The UPDATE statement is necessary to propagate our new knowledge: While before our best knowledge was the the employee would belong to the committee “forever”, now we know that that will only be true until 2020-05-01.

In this case our transaction-time timestamps do not need to be adjusted: As far as we know, each fact recorded still reflects our best knowledge at the time. For certain bi-temporal modifications, such as corrections of past facts, the tx_applicable_up_to for previous facts does need to be adjusted.

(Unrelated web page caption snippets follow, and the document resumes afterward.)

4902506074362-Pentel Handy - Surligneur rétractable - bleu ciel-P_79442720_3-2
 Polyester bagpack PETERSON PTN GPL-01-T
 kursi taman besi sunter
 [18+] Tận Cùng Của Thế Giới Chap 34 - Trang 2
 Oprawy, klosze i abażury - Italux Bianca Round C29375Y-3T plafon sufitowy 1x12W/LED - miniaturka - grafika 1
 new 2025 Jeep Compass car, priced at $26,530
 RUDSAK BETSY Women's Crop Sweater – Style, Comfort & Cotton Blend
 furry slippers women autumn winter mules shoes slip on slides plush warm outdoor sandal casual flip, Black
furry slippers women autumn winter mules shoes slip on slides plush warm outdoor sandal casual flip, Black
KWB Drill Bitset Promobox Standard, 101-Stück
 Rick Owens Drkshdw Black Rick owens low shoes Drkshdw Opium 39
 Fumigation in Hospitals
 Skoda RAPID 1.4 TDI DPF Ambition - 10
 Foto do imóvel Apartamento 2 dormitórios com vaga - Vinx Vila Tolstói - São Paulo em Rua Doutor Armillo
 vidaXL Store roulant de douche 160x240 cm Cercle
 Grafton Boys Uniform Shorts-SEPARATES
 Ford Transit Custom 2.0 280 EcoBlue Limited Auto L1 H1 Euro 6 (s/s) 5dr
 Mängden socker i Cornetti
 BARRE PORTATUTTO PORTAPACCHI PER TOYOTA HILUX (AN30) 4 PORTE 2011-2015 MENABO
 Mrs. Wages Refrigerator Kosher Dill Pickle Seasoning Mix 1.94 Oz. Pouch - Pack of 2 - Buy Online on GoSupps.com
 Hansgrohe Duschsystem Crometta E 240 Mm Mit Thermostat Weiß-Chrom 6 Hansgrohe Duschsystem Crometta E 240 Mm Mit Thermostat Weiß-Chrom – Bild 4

Refer to Snodgrass for a full discussion.

With our new fact in place we can query for membership at different times:

--- What is the committee membership as of 2020-04-25, to the best of our knowledge
--- On this date we already "know" about the resignation, but it's not yet a valid fact.
SELECT
    employee_id,
    committee_id
FROM
    committee_membership
WHERE
    valid_from <= '2020-04-25'
    AND '2020-04-25' < valid_up_to
    AND tx_applicable_from <= NOW()
    AND NOW() < tx_applicable_up_to
--  employee_id | committee_id
-- -------------+--------------
--            2 |          500
--            1 |          600
--            1 |          500
-- (3 rows)
--
-- Time: 3.426 ms


--- What is the committee membership as of 2020-05-02, to the best of our knowledge
--- On this date the resignation is valid.
SELECT
    employee_id,
    committee_id
FROM
    committee_membership
WHERE
    valid_from <= '2020-05-02'
    AND '2020-05-02' < valid_up_to
    AND tx_applicable_from <= NOW()
    AND NOW() < tx_applicable_up_to
--  employee_id | committee_id
-- -------------+--------------
--            2 |          500
--            1 |          600
-- (2 rows)
--
-- Time: 0.942 ms

Note that the “deletion” is reflected in the last query.

Conclusion

Non-temporal deletions are modeled in bi-temporal data with insertions, preserving the full history, auditing capabilities and richness associated with bi-temporal data.